Quotations from the message board thread

To view the entire Player Spotlight thread (there's a ton of fantastic commentary in there), click here.

MrTwo94 said:

Maclin is an intriguing player this year due to his very impressive play last year considering all of his obstacles. Last offseason I recall hearing how Maclin was one of the lease pro-ready WR in the draft because he was coming from a spread offense and he just wasn't that polished. Then I believe he held out. Then he entered the season on the bench behind incumbent Kevin Curtis. He overcame all of this to post an impressive 55 receptions at 13.9 ypr and 4 TD while missing one game and several pieces of other games.

But the real intrigue comes from the fact that there is a new QB. Shake ups at QB sometimes lead to shakes ups in the WR pecking order.

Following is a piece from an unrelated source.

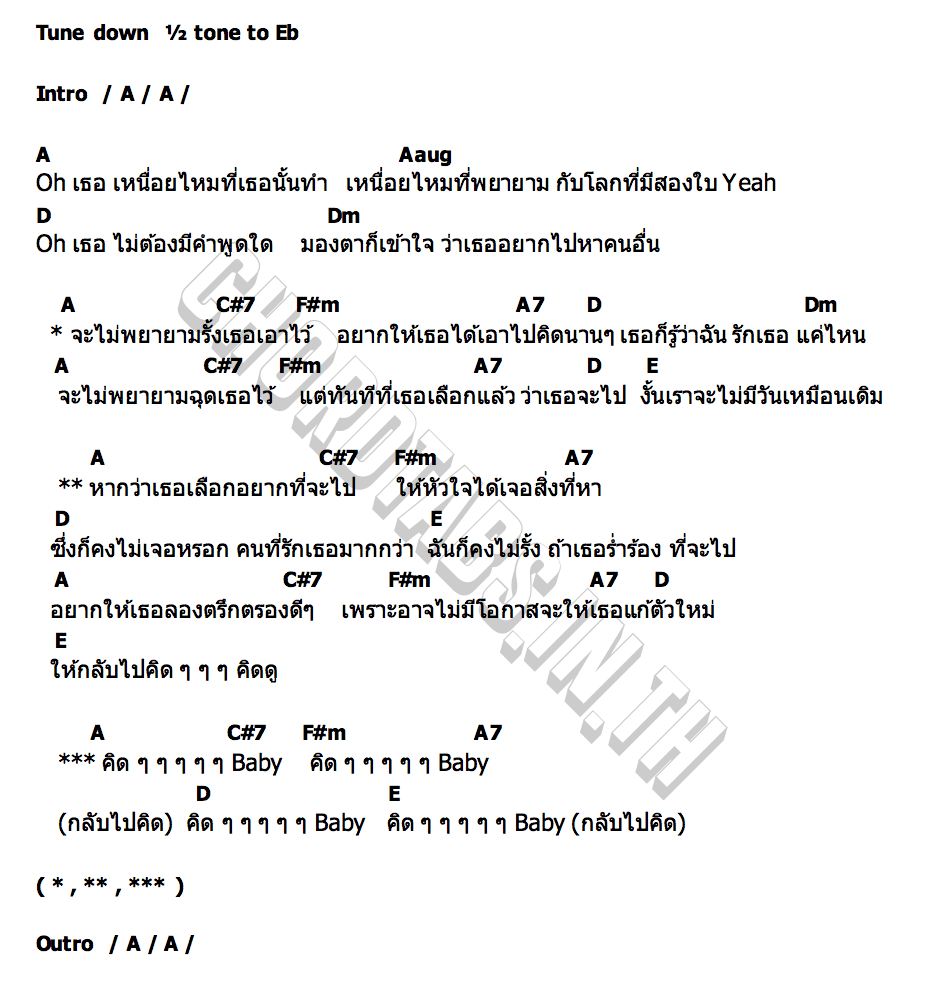 คอร์ด คิดดู (Think Twice) TON THANASIT x ว่าน วันวาน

While DeSean is a shark pool darling he isn't exactly a go to WR. He's got big play ability, but that doesn't mean he's going to get the lion's share of targets like everyone is assuming. When Kolb is looking for a guy in the endzone (or just a guy to move the chains on 3rd down), I really think Celek and Maclin will be the guys he looks to most often. Given the disparity between DeSean and Maclin's ADPs, Maclin is clearly the guy to target in this duo. DeSean has little to no chance to repeat last seasons performance without a drastic increase in targets, whereas if Maclin shows any progression from his rookie year and/or favorable chemistry with Kolb, he'll easily outperform his draft position and possibly the guy on the other side of the field.

FUBAR said:

Maclin is a stud in the making, DeSean already is a stud but has little room to improve IMO (although being young and ultra-talented, you never know for sure). It's 1a/1b, and Maclin should easily surpass 65/1,000/6. He was good for around 5 receptions and 60-80 yards per game the second half of his rookie year, and while it would be overly simplified to assume he continues that, it's a decent baseline. If anything my projection is too low.

go deep said:

I think the new QB hurts Maclin's progression. Young guys tend to lean on their TE a bit more, not to mention Celek and Kolb are friends and roommates. Between that and DeSean, I don't see enough targets for Maclin to make him a top 30 fantasy WR this year. I do like his dynasty prospects, but not so much with redraft this year. The best thing about Maclin is he will be just good enough in 2010 to take some coverage from DeSean and Celek, who i think will both have big years.

frogpond11 said:

I do feel that Maclin is a very talented athlete and will eventually put up some big stats in his career, but you have to figure DeSean is going to get his..then Kolb's roommate Celek should have a great season as well. I'm just not sure there is enough to go around after those two and all the receptions for the RBs as well.